* What is being asked: Across the data below, count every line where the string "Cider" appears. Answer with the number alone.

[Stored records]
========================================

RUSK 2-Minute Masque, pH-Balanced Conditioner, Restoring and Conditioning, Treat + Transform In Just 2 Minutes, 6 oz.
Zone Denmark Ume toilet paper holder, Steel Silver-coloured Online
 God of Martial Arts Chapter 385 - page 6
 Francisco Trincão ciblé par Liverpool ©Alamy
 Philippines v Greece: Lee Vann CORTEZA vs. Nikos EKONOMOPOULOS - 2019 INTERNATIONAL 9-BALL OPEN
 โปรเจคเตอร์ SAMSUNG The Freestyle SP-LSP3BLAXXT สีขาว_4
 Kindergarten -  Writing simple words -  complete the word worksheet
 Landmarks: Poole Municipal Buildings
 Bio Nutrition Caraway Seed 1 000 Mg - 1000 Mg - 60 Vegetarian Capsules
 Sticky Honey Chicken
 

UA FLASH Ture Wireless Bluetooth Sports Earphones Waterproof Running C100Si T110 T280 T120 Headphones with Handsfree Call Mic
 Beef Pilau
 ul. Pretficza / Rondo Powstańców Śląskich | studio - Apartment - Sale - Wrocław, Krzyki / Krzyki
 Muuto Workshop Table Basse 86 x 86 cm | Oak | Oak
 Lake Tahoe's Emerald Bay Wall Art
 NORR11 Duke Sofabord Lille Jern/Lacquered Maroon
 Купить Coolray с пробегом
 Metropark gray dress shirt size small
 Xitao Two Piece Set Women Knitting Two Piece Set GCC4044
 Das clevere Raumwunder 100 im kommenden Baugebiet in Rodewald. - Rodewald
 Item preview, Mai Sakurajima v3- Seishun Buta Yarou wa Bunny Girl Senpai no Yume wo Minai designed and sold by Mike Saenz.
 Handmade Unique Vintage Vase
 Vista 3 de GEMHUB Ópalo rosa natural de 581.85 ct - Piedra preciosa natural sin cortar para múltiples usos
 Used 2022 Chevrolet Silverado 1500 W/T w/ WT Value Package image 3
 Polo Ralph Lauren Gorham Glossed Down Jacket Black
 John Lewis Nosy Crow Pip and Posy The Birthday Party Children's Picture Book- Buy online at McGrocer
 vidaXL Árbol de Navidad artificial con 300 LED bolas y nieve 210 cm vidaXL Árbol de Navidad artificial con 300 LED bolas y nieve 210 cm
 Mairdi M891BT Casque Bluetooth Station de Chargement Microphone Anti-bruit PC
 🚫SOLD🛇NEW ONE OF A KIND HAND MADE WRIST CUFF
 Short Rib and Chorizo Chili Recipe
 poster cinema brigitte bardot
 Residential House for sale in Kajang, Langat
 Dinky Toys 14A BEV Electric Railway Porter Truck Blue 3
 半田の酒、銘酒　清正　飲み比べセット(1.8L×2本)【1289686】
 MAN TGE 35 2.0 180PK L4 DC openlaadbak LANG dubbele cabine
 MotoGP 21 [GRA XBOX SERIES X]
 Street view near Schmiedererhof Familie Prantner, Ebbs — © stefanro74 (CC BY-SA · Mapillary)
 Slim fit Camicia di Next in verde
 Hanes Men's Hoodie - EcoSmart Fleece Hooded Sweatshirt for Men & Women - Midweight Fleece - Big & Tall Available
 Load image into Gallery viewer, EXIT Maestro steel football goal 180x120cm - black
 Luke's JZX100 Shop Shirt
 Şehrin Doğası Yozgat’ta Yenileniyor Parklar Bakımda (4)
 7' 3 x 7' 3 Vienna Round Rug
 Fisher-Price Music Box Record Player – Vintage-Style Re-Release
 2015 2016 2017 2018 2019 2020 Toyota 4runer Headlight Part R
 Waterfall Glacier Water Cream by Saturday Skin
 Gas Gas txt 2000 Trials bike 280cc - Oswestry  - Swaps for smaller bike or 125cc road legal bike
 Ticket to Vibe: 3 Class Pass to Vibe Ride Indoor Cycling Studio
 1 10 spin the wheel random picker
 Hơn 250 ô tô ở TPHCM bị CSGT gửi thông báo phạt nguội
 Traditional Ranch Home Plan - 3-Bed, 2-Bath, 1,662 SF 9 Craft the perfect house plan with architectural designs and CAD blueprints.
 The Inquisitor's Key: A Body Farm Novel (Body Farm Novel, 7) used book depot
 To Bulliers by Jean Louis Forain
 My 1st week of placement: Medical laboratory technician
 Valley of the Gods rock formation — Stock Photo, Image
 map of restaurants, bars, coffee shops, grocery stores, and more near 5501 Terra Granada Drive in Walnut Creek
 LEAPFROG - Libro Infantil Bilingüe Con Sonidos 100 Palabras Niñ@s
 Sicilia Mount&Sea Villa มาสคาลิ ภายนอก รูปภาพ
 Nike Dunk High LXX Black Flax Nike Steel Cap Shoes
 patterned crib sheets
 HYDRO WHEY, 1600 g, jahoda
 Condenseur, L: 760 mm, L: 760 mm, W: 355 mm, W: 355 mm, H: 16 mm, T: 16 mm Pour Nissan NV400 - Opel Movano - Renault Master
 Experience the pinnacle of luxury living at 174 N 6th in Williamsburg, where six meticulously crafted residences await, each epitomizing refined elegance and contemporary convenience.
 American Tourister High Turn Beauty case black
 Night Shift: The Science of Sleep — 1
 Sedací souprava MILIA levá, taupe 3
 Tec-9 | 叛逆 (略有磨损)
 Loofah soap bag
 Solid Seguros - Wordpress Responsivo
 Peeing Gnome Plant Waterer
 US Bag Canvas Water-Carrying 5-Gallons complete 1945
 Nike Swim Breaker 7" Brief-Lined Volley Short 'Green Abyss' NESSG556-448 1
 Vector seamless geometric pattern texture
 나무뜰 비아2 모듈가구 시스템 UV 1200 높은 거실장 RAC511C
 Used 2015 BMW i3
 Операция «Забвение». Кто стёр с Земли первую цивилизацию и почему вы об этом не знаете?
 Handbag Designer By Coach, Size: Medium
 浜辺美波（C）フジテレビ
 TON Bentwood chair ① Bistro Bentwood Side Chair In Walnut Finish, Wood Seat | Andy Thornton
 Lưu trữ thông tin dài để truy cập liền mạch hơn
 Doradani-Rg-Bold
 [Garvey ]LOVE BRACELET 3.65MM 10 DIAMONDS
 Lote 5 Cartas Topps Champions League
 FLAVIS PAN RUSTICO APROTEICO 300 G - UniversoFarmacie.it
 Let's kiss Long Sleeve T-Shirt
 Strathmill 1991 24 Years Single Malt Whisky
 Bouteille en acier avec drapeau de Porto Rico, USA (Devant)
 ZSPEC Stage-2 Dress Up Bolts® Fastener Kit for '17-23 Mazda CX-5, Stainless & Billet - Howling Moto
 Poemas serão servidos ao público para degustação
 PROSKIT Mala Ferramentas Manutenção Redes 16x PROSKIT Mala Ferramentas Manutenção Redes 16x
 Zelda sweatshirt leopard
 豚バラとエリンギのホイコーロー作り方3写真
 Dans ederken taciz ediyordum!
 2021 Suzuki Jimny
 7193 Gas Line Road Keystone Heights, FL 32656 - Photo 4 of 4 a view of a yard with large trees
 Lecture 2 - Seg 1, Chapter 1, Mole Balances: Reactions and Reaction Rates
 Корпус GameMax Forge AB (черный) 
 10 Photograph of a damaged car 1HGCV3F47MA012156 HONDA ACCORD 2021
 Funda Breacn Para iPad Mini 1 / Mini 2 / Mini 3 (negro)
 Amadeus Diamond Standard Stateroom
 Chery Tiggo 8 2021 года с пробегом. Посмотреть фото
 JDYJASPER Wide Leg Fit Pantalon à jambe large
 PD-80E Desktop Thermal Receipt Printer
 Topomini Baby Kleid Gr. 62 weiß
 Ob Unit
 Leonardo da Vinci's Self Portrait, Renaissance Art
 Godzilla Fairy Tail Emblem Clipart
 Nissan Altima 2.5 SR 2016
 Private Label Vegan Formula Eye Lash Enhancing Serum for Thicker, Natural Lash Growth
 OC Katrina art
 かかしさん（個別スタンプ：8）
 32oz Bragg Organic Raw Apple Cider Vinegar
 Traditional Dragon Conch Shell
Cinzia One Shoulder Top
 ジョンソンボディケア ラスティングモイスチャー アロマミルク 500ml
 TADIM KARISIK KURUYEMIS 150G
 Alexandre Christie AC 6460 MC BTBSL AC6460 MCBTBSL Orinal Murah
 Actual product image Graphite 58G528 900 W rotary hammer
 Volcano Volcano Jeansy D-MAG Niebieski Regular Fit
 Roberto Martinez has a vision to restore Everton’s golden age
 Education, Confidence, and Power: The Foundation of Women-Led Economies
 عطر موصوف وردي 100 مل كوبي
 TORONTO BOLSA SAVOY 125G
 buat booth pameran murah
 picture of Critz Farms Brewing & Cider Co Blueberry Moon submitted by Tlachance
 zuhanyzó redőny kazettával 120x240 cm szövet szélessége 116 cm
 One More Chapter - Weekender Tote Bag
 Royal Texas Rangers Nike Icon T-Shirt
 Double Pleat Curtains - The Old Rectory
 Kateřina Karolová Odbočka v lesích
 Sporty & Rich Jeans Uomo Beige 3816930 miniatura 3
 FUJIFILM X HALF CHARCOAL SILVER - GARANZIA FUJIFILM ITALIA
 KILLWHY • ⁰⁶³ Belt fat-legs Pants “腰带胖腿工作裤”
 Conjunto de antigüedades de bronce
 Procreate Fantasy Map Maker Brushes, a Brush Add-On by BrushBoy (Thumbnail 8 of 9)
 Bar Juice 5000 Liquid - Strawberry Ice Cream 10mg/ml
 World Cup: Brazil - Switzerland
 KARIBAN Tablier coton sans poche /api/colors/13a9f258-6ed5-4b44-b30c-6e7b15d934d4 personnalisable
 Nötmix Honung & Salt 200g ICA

========================================

* Task answer: 2